-------- Listed records --------
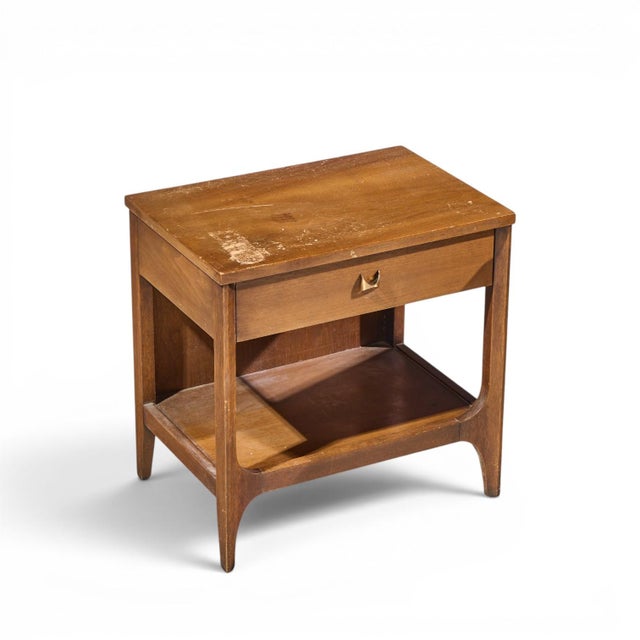 Broyhill Brasilia Mid Century Walnut and Brass Nightstands - Pair For Sale - Image 10 of 11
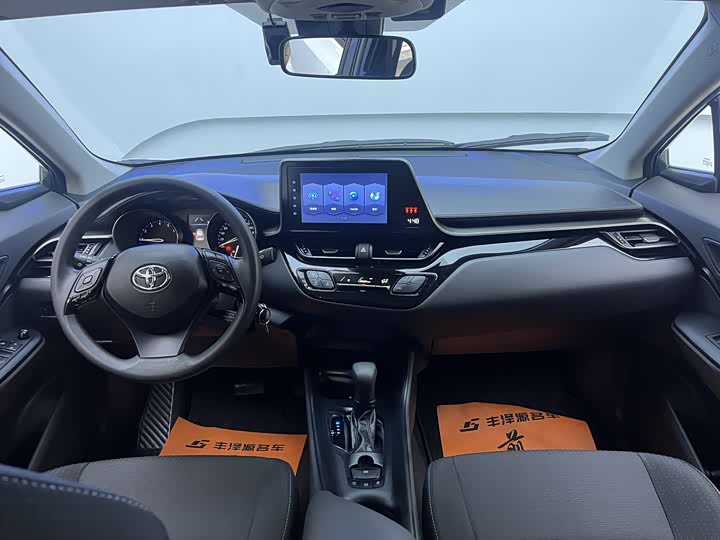 Фото 9 - Toyota Izoa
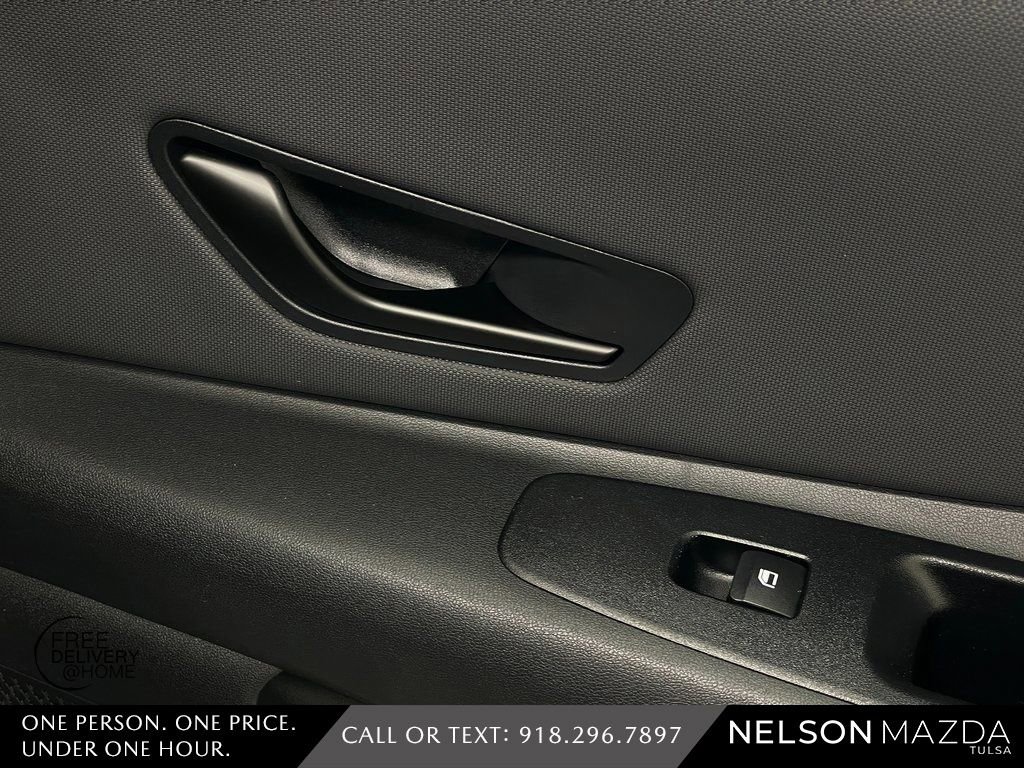 Used 2025 Hyundai Elantra Sport FWD image 36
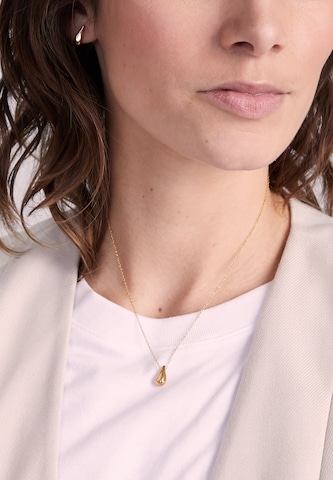 Stilnest Anhänger in Gold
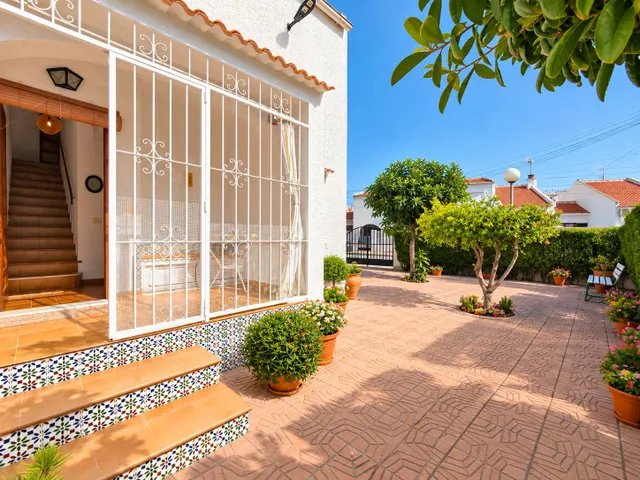 Casa 2 habitaciones 70m² en venta - Estacion de autobuses — 9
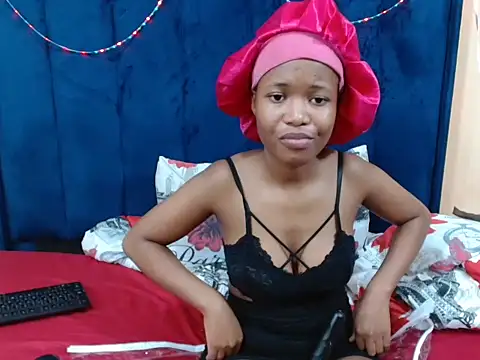 HotCreamyTea webcam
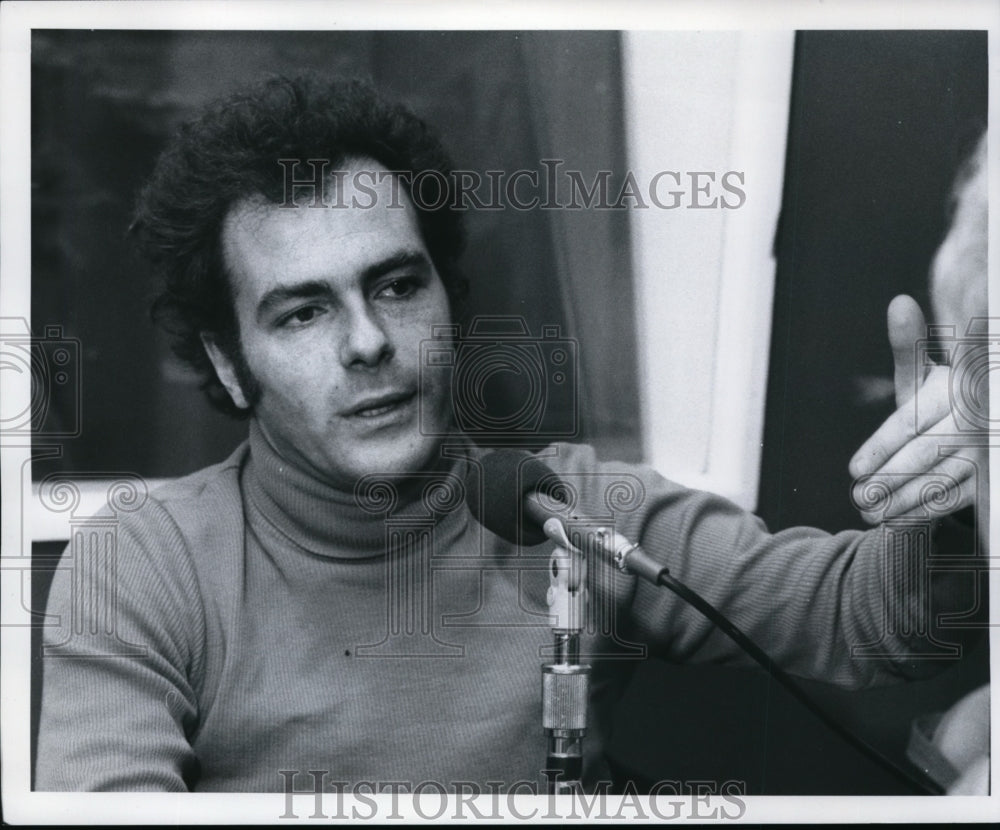 1976 Press Photo Jerry Rubin in his speaks - Historic Images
--------
Required action: For this task, give again exactly the lines from the line with "Stilnest Anhänger in Gold" through the end of the entries, including both ends, and omit the pictures.

Answer to this task:
 Stilnest Anhänger in Gold
 Casa 2 habitaciones 70m² en venta - Estacion de autobuses — 9
 HotCreamyTea webcam
 1976 Press Photo Jerry Rubin in his speaks - Historic Images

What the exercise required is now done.